Written by Michael Larabel in Intel on 16 October 2020 at 08:28 AM EDT. 5 Comments
INTEL
Intel issued a notable open-source Compute Runtime stack update today that provides OpenCL and oneAPI Level Zero support for the company's graphics processors from Xe/Gen12 graphics back through Gen8 Broadwell hardware.

Making today's release so notable is that OpenCL 3.0 is now enabled for all supported hardware. While OpenCL 3.0 was available for months in provisional form, Intel's Compute-Runtime has offered it for Gen12/Tigerlake while keeping existing generations on OpenCL 2.1.

Now that OpenCL 3.0 was recently ratified, Intel engineers have gone ahead and bumped the CL support to OpenCL 3.0 for the Gen8 Broadwell through Gen11 Icelake generations (with Gen12 already being at OpenCL 3.0 as mentioned).
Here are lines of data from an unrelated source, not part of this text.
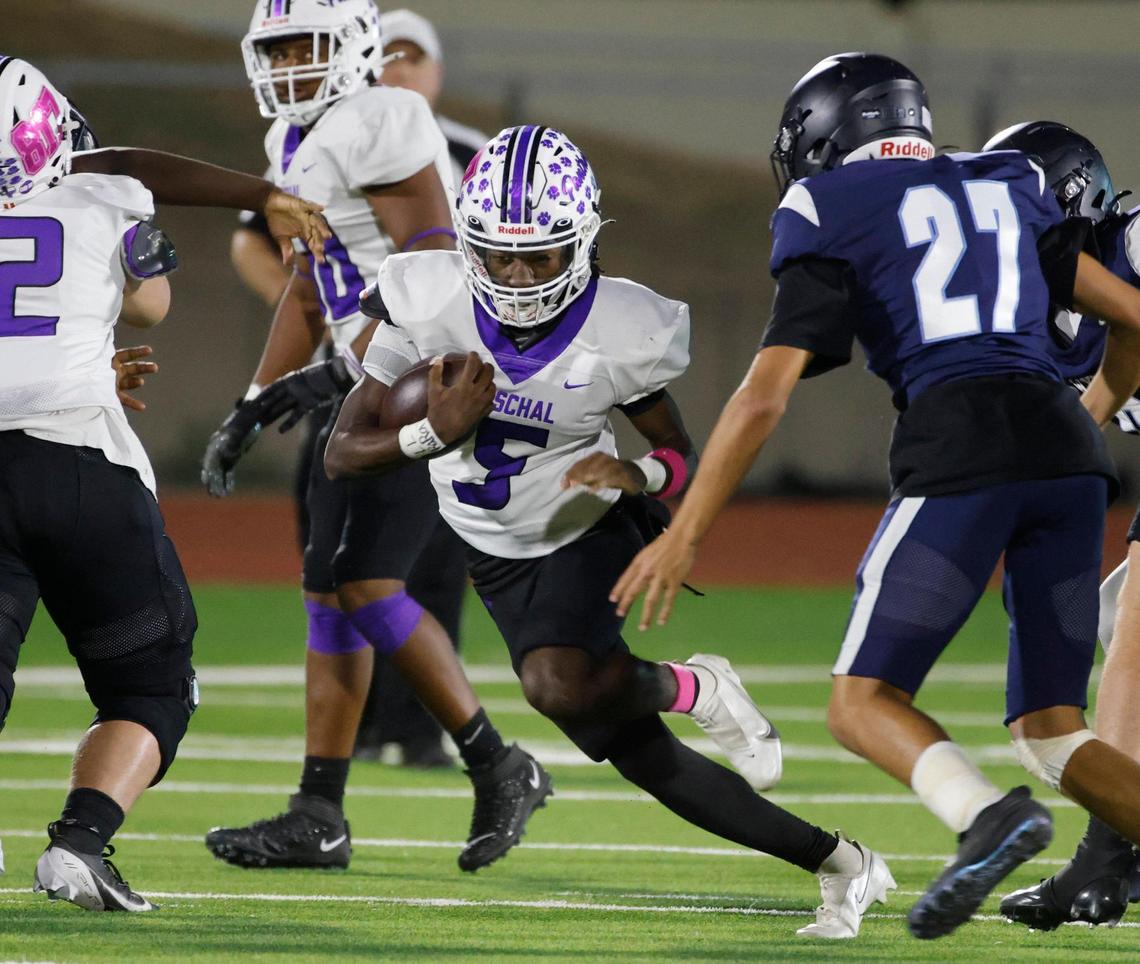 Paschal quarterback Jashaun Thomas (5) hits the hole during a District 4-5A Division 1 football game at Herman Clark Stadium in Fort Worth, Texas, Thursday, Oct. 24, 2024.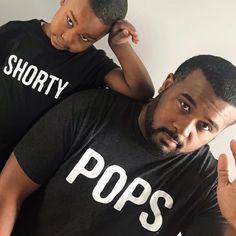 Pops Shorty©  tees are amazingly soft and perfect to match with son for football night, game day. Great Father and son bonding t-shirt set. Also an adorable girl Dad selection. HOW TO PURCHASE:  **Select each item you need from the drop down and add to cart** HOW DOES THE SHIRT FIT? * Kids Fit True to Size/Unisex * Men Fit True to Size/Unisex * Suggest women to size down/Unisex Fit MATERIAL OF SHIRT? Adult/Kids:   * 50% polyester/25% combed cotton/25% rayon  jersey * Color is Black BABY BODYSUIT Father's Day Team Spirit Tops With Letter Print, Casual Tops For Game Day On Father's Day, Family Matching Tops With Letter Print For Game Day, Short Sleeve Tops With Funny Text For Game Day, Family Matching Game Day Tops With Short Sleeves, Everyday Family Matching Tops With Text Print, Father's Day Matching Letter Print Tops, Vacation Clothing, Matching Clothing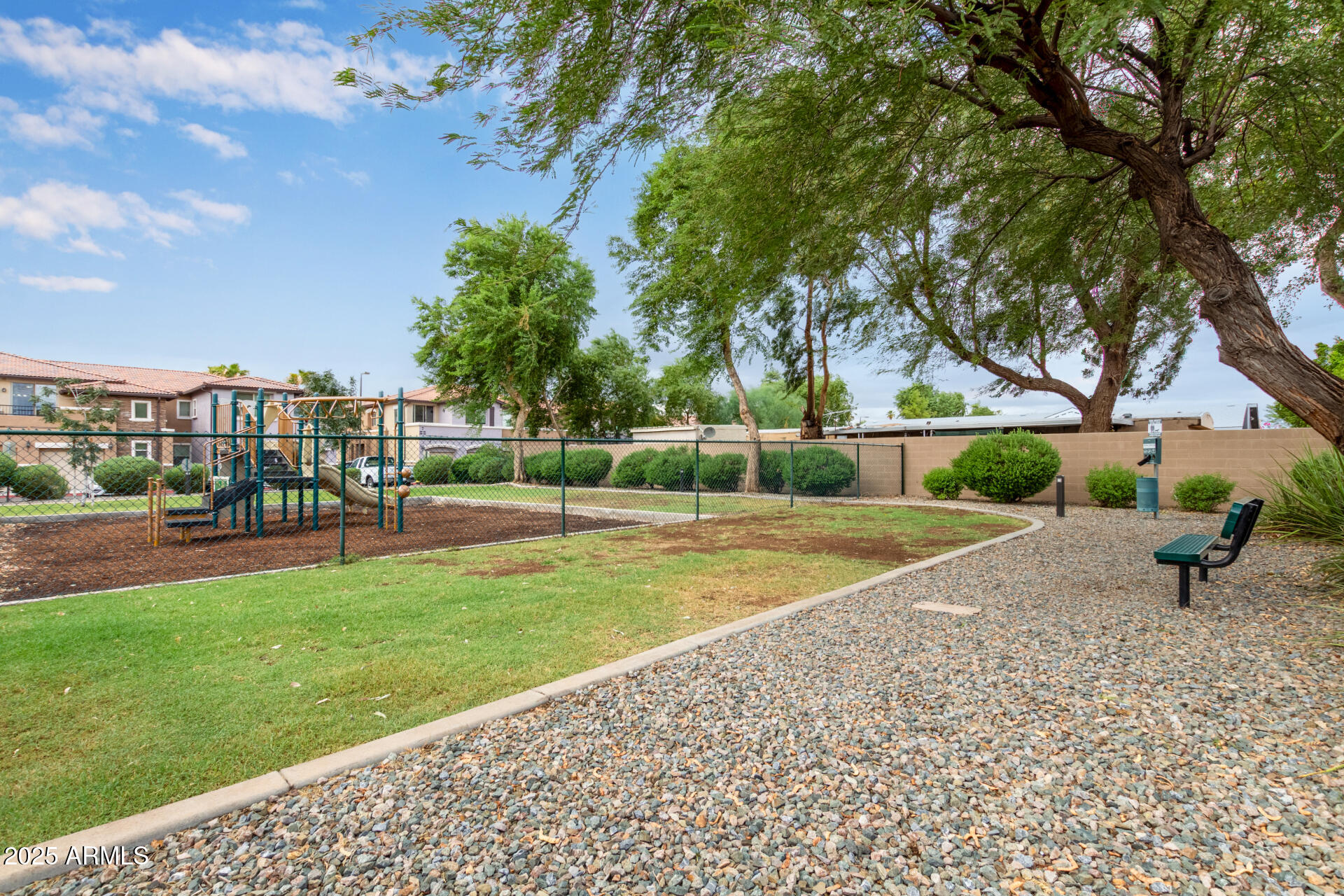 7726 East Baseline Road, Unit 234 Mesa, AZ 85209 - Photo 30 of 31 a view of a park with large trees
Broadwell is as far back as the Intel Compute Runtime stack supports so it means all supported HD/UHD/Iris/Xe hardware with Intel now has open-source OpenCL 3.0 support on Linux.

This support is available with today's 20.41.18123 driver build. This build also continues providing oneAPI Level Zero 1.0 support in a "pre-release" state for Skylake through Tigerlake.

In addition to enabling OpenCL 3.0 support by default, the changes also mention "added new DG1 device." Before getting too excited, when digging through the changes that is just adding the 0x4908 PCI ID. That DG1 PCI ID has been previously known to the Linux driver code and now just brings the Compute-Runtime in sync with the rest of the Linux driver stack of supporting Intel Xe DG1 Graphics of 0x4905 through 0x4908.

Rounding out this weekly open-source compute stack update is also exposing the OpenCL subgroup extension (cl_khr_subgroup_extensions) and updating the IGC compiler and GMMLIB components against their latest public tagged versions.